Mbah Kupuk dan 400 Keris Leluhur: Koleksi yang Datang dari Dunia Nyata dan Ghaib

Agustino,
Kolektor Keris 

PONOROGO, SINYALPONOROGO
— Di sebuah rumah sederhana di Desa Kupuk, Bungkal, ratusan pusaka zaman silam menggantung anggun di dinding. Namun itu baru permukaan. Di balik dinding, tersimpan ratusan lainnya. Bagi Agus Setiyono, S.Pd., atau yang akrab disapa Mbah Kupuk, keris bukan sekadar senjata tradisional.
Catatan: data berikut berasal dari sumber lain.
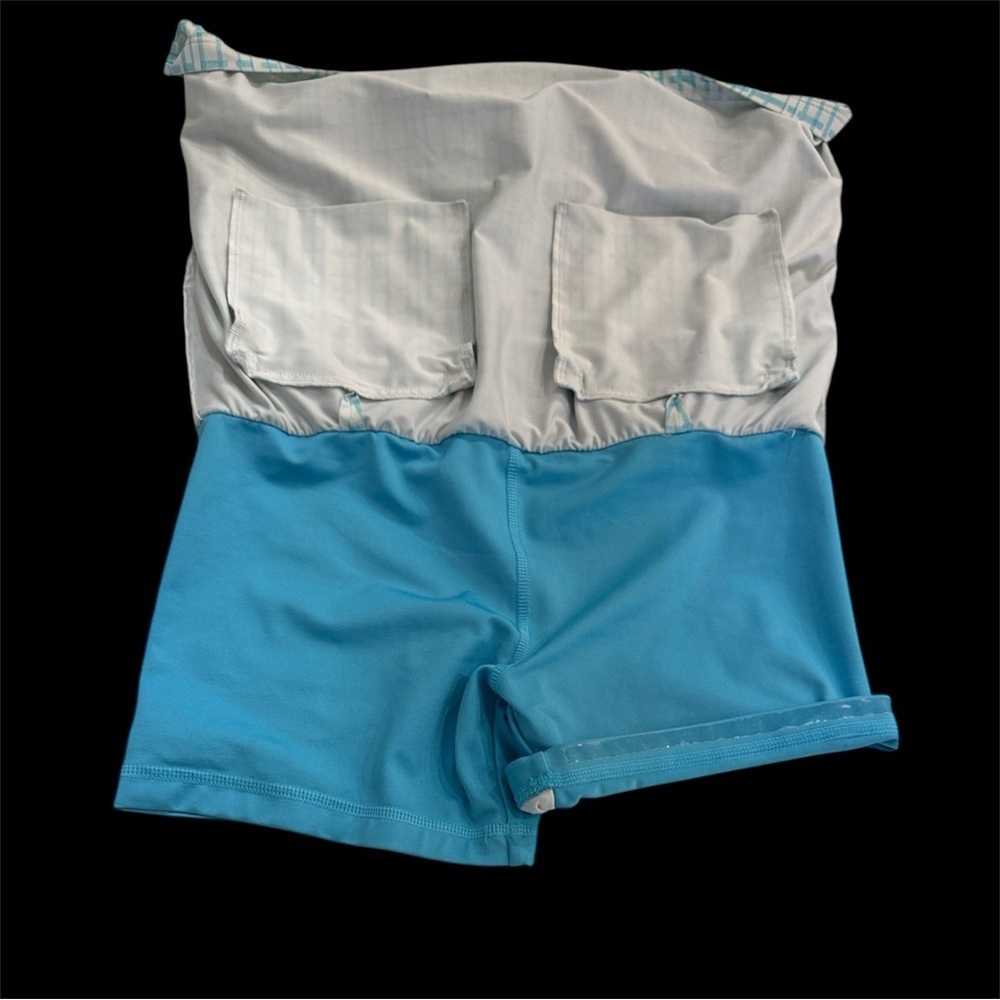 Puma Women's Light Blue & White Plaid Athletic Mini Skirt - Picture 5 of 5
Ia adalah warisan leluhur yang hidup dan penuh makna.

Kecintaan Mbah Kupuk pada seni tosan aji itu bermula sejak 2014, tepat ketika ia menjabat sebagai kepala desa Kupuk untuk pertama kalinya. 
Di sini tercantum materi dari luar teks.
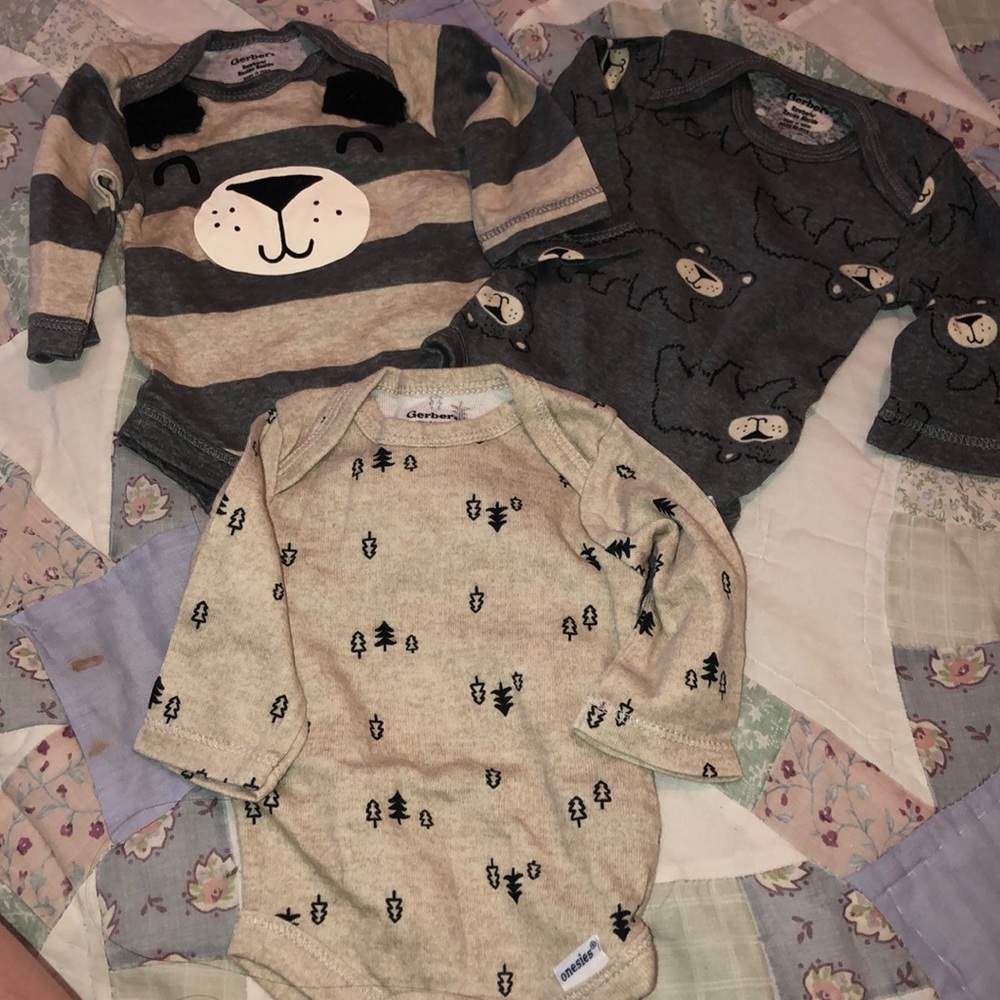 Newborn bodysuit bear bundle❤️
Dari sebatas ketertarikan biasa, koleksi kerisnya kini menjelma menjadi koleksi besar berjumlah 400 bilah keris dari berbagai daerah dan zaman. Ia bukan pedagang keris, tak pula berburu pusaka demi keuntungan. 

“Saya hanya murni kolektor,” ujarnya kepada media, Jumat (23/5/2025).
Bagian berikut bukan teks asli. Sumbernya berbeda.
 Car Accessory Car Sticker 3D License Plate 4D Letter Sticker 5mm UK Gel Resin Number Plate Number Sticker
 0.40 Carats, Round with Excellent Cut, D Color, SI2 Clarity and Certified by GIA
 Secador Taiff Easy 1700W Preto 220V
Keris-keris itu diperoleh bukan lewat uang, melainkan lewat mahar berbentuk barang, atau hibah dari mereka yang merasa tak mampu menjaga pusakanya. Tak jarang, keris-keris itu "datang sendiri", katanya, lewat cara-cara tak biasa.

“Kalau kita rawat keris dengan baik, beri wewangian, bunga, dan menghormatinya, kadang ada yang datang sendiri,” kisah Mbah Kupuk. 

Ia tak menyebut bagaimana bentuk kedatangannya, tapi nada suaranya tenang, penuh keyakinan, seolah itu hal wajar dalam jagat keris.

Jamasan Tiga Hari Tiga Malam

Dengan koleksi sebanyak itu, setiap tahun ia harus meluangkan waktu hingga tiga hari penuh untuk melakukan ritual jamasan—pembersihan dan penyucian keris. 

Ia tak sendiri. Rekan-rekannya sesama pecinta keris dari berbagai daerah datang membantu, menjadikan kegiatan ini sekaligus sebagai ajang temu dan berbagi cerita antar pecinta budaya.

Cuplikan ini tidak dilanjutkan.